When your religious beliefs fall outside of the cultural norms, you gotta deal with it. You get the freedom to believe what you want and practice what you like (within the bounds of socially-agreed upon morals). But to tell someone else that they can’t enjoy the freedoms you enjoy just because they don’t follow your exact religious convictions? That is pretty phobic.
The other issue here is legislating morality. The reason you don’t see Christians jumping up and down to make fornication illegal is that we all know it is impossible to legislate morality. You can catch a killer and hand out punishment because they stomped on the rights of others by taking a life. Same for stealing, lying, you name it: the laws are made to protect people. But in cases where both parties are in agreement? You can’t make much of a case there. Once again, society no longer sees gays in a committed relationship as dangerous or subversive. You can be mad at that all you want, but if you are going to stand by and let others “live in sin”… you will just seem mean and phobic to “pick and choose” which sins you let slide and which ones you stand up and picket against.
So in other words – if you are not homophobic, stop acting like those who are.
None of this is meant to be a case for or against homosexuality being a sin. It is common sense to be applied no matter what your view on the sinfulness of homosexuality is.
And for once and for all, can we stop it with the silly protests against the anti-gay bullying days and events? Those are also completely based on that crazy “gay agenda” thing. Too many Christians are sitting in silence while non-heterosexual children and teens are treated like trash, just because we are afraid of being seen as some how supporting a fictitious “gay agenda.” Reacting in fear? Believing in falsehoods? Caring so much about what our friends think about us that we will not take a stand with those who are rejected and scorned by society?
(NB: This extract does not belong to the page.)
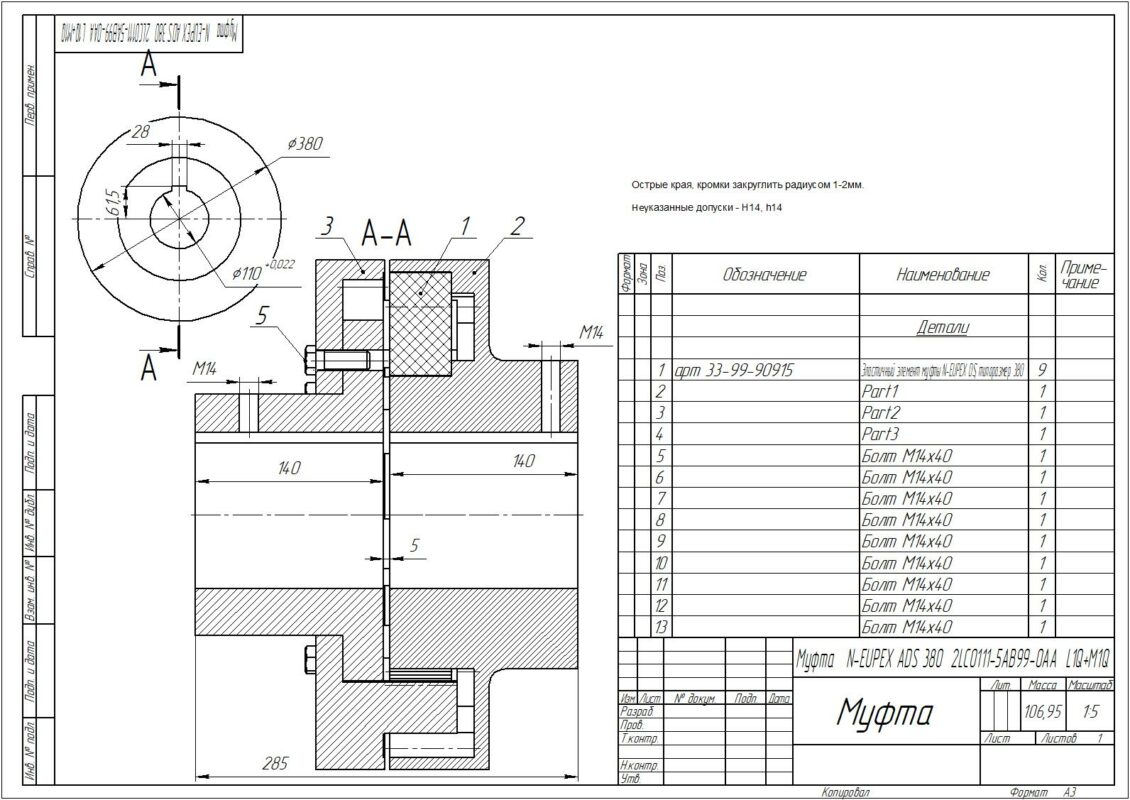 3D модель Муфта N-EUPEX АDS 380 2LC0111-5AB99-0AA L1Q+M1Q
Sounds more like the work of the devil than the move of the Spirit.
I will end with a parable I shared in another post:
A gay man was walking from his house to the neighborhood grocery store, when he was attacked by a group of thugs. They took his clothes and possessions, beat him and went away… leaving him half dead. A preacher happened to be going down the same road, and when he saw that the man was gay, passed by on the other side. A good Christian Mom saw him also and decided to create a movement to boycott the street that let a gay man walk down it. But a homeless man came to where the man was and felt sorry for him. He bandaged his wounds, even putting on some rubbing alcohol he had been saving. Then he put the gay man in his own shopping cart and rolled him to a hotel and took care of him. The next day he took out all the money he had and gave it to the hotel owner. “Look after him,” he said, “and when I return from begging for more money, I will reimburse you for any extra you may have to spend.”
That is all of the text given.